PHX Datacenter I/O latency
Incident Report for Adeptcore, Inc.
Postmortem

Message to our MSP Partners regarding storage issues on 6/6/2023:

Our Environment:

Adeptcloud maintains two separate Nimble storage array clusters that are provided to it by its datacenter. All physical hosts are connected to the storage through two separate switches and across two separate uplinks to each storage array. The decision to have two separate storage arrays came from our previous experiences with previous providers as a way to limit the impact to our entire environment all at once. This design decision did work as intended and while a sizable portion of clients were affected, an equal sized portion of clients were not. Each array consists of dual controllers and is provisioned for 5 10TB volumes and 2 5TB volumes attached to the Adeptcloud Infrastructure through two separate physical paths. Names: NIMBLE Storage Cluster 100 and NIMBLE Storage Cluster 200. Volumes: NIMBLE-SAN300, NIMBLE-SAN400, NIMBLE-SAN500, NIMBLE-SAN600, NIMBLE-SAN700, NIMBLE-SAN800, NIMBLE-SAN900 and NIMBLE-SAN101, NIMBLE-SAN201, NIMBLE-SAN301, NIMBLE-SAN401, NIMBLE-SAN501.

What Happened:

Around 10AM CST on 6/6/2023 we received reports of virtual machines showing offline in partner tools, RMM and ScreenConnect, followed by users not being able to connect to their RDS servers.
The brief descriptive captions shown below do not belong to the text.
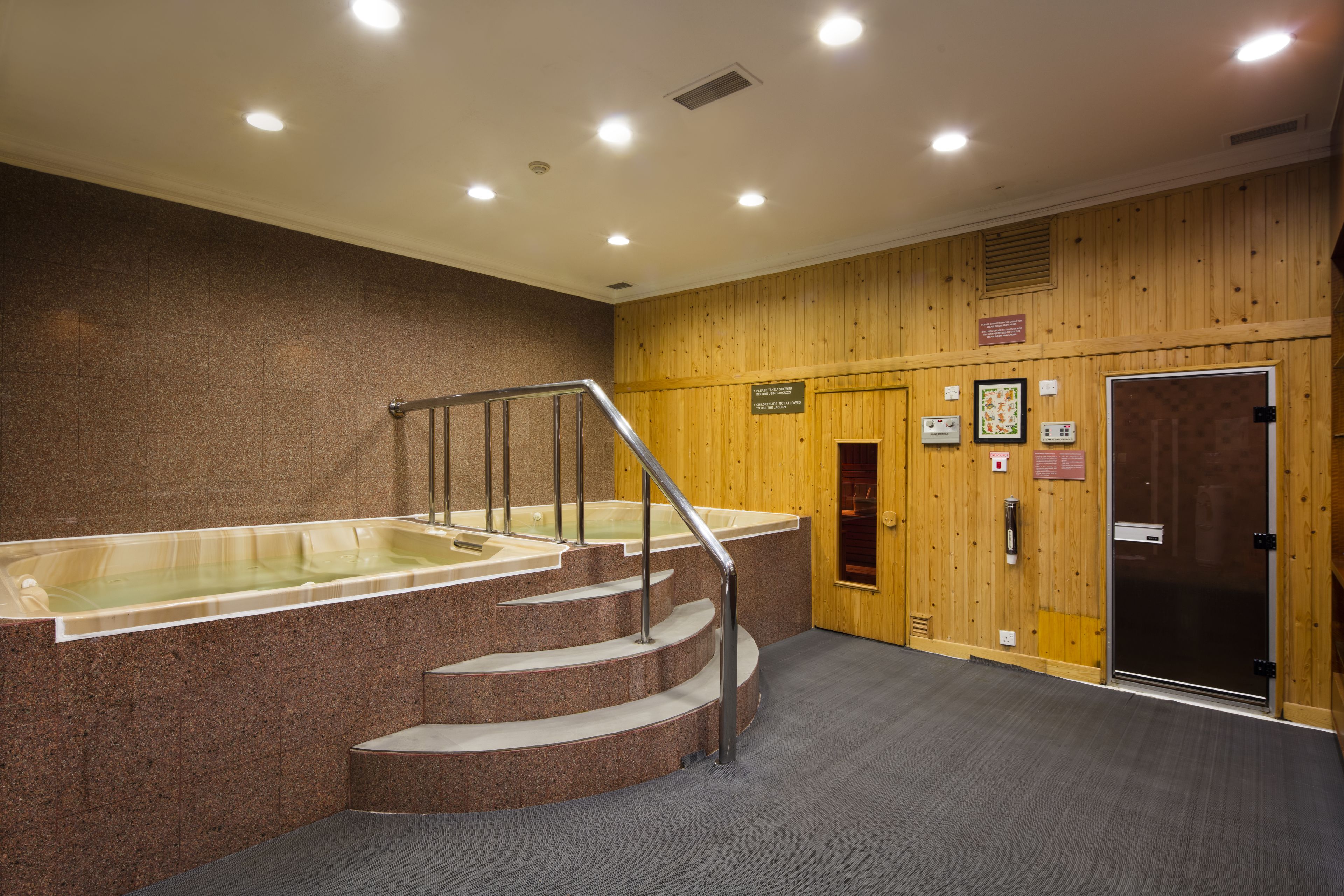 Ein Wellnessbereich mit Whirlpool, einer Treppe und Holzvertäfelung.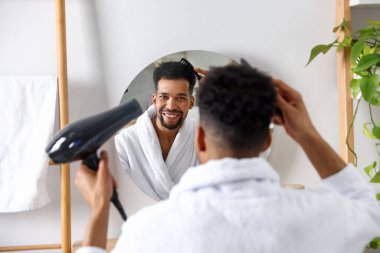 Adam banyoda aynanın yanında saçını kurutuyor.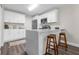 Bright kitchen with white cabinets, stainless appliances, and a quartz countertop island with bar seating at 4418 Pine Meadow Ct, Tampa, FL 33624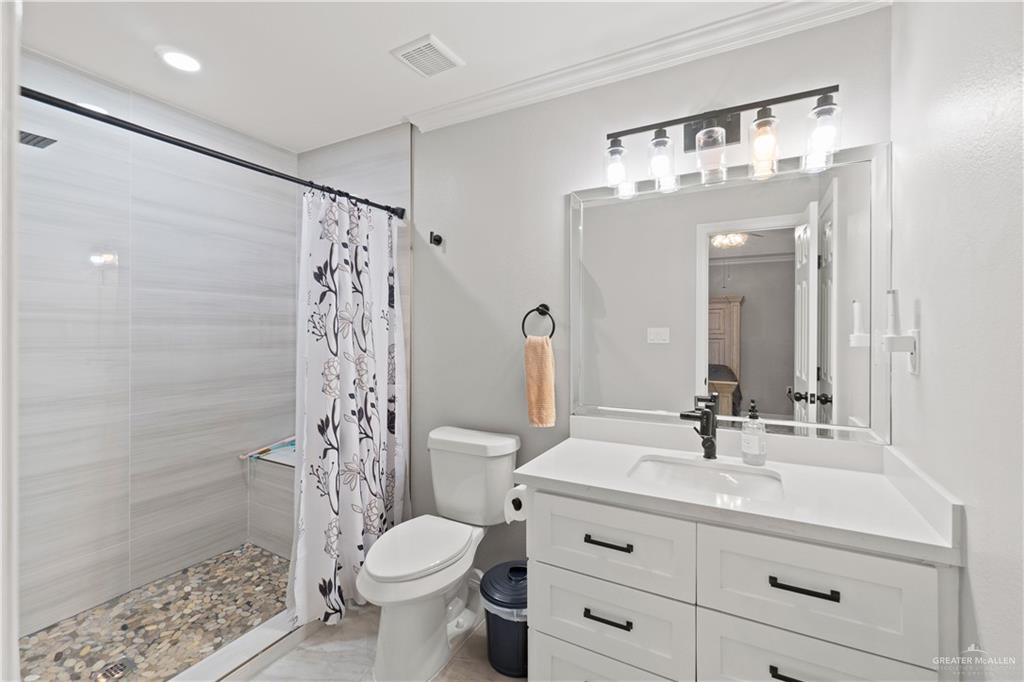 9230 North Moorefield Road Mission, TX 78574 - Photo 15 of 27 a bathroom with a sink a toilet and shower
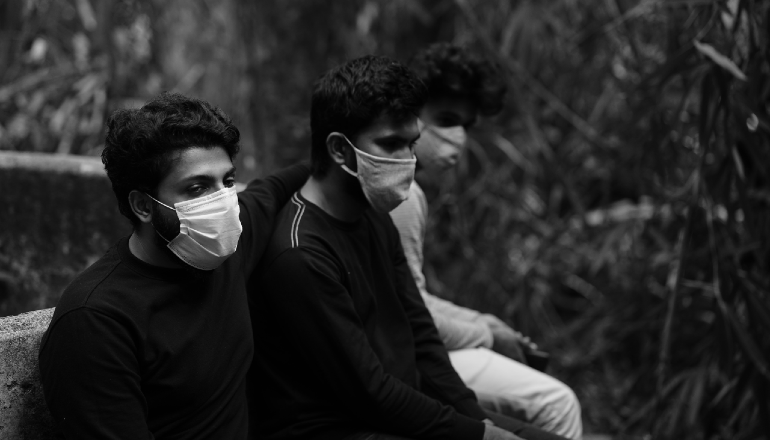 three men with COVID-19 masks in India
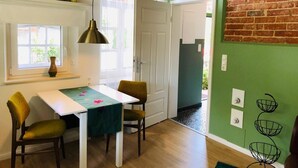 Un espace repas comprenant une table, des chaises, une fenêtre et une porte.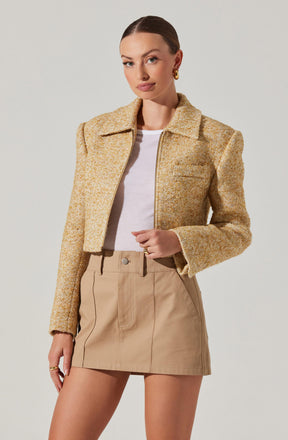 A woman is wearing a light yellow and beige textured cropped jacket with a collar and front zipper, paired with a beige high-waisted mini skirt that has front pleats and side seam pockets. She also has on a white top underneath the jacket.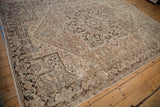 Distressed Heriz carpet border, showing geometric motifs in brown and pale blue tones.
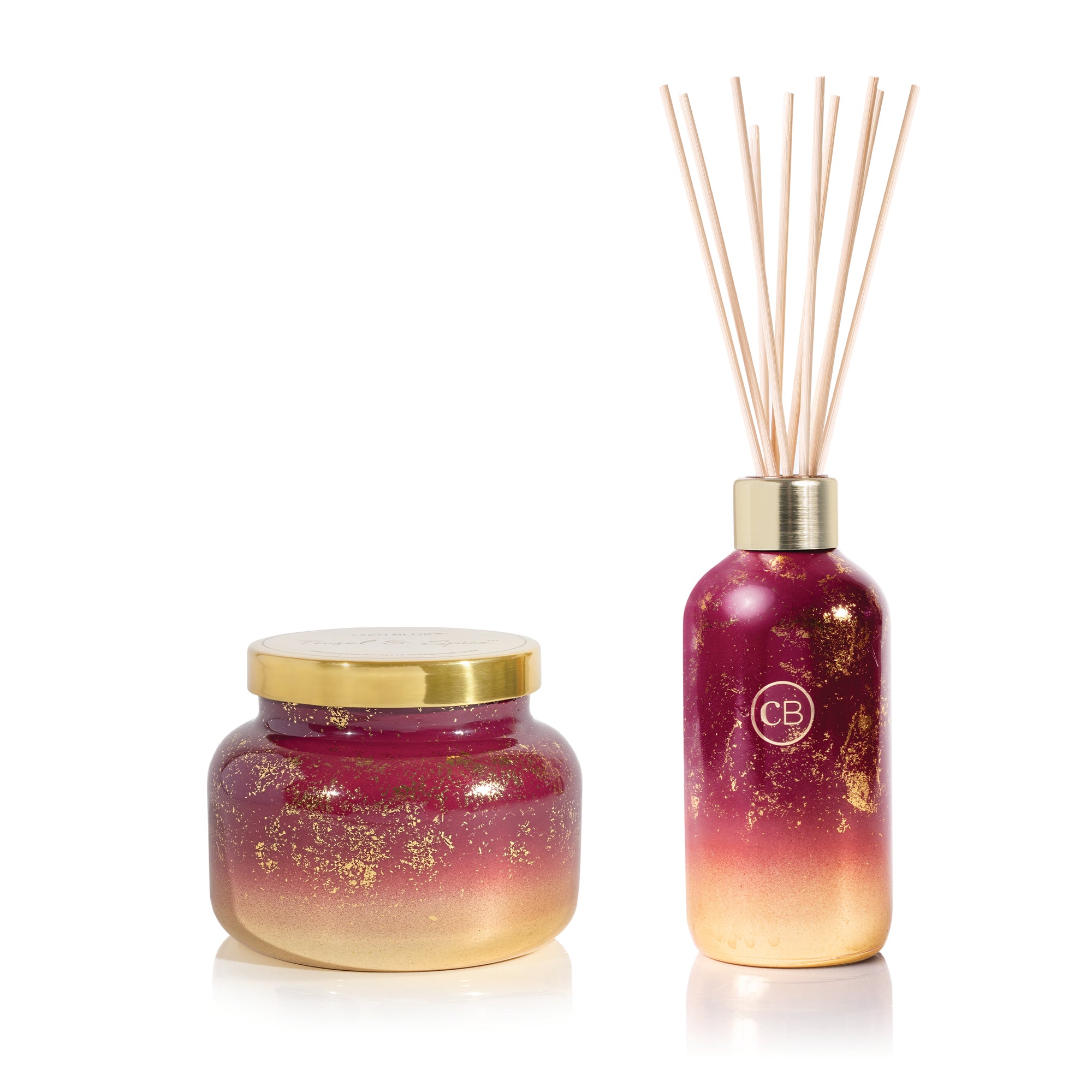 Tinsel & Spice Reed Diffuser and Signature Candle on a white background.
At the same time that we started to receive tickets and calls from our partners, we received monitoring notifications for high storage latency affecting PHX Clusters.

During our investigation into the reports of clients disconnecting and the latency alerts we pulled up our storage monitoring dashboards and immediately noticed that NIMBLE Storage Cluster 200 volumes were reporting extremely high latency with one volume showing a latency of 22 MS for read at 10:01AM reporting time and 12.5K MS for read at 10:06AM reporting time.
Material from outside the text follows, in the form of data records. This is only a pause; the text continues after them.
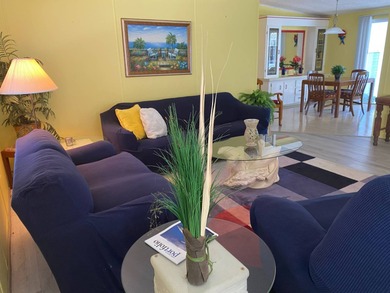 Fully furnished 2/2 home in vibrant 55+ community on leased land on Spanish Lakes Fairways in Florida - for sale on GolfHomes.com, golf home, golf lot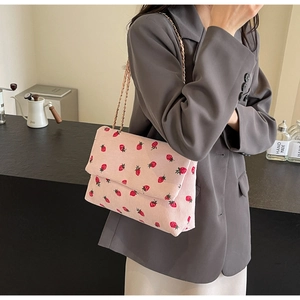 Detail of pink corduroy shoulder bag with red strawberry print and golden chain strap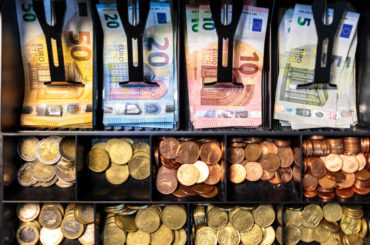 Euro-Banknoten und Euro-Münzen sortiert in einer Kasse.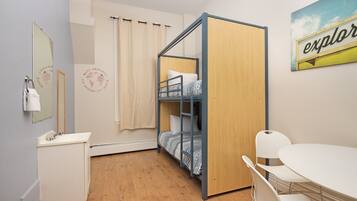 A dormitory room with a bunk bed, a small desk with a mirror, a white table, and a painting on the wall.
Screenshot of reporting on volume NIMBLE-SAN301 http://i.adeptcore.com/GBsbLjsz709t.png and screenshot of top 10 datastore read latency during the affected time range: http://i.adeptcore.com/wAsqyak3R4VX.png

From the time the issues were reported and we received alerts to the time we determined that the issue was caused by storage latency and saw the aforementioned spike, approximately 9 minutes had passed. At 10:10AM reporting time the latency had subsided from its peak to a fraction of its high and by 10:15AM the latency, while still higher than we normally like to see, was back to usable and customers were reporting that issues were resolved. Some clients VM's had to be rebooted/services restarted.

For the next hour, the latency was stabilized and we ruled out all performance bottlenecks on our side, we checked our switching and port statistics, we checked I/O for individual VM's, internal services and connectivity from our environment to the SAN environment and confirmed everything to be in order. Network latency never exceeded 0.300MS during the worst of the spikes from us to the datacenter SAN controllers.

10:40AM CST Ticket opened with Datacenter.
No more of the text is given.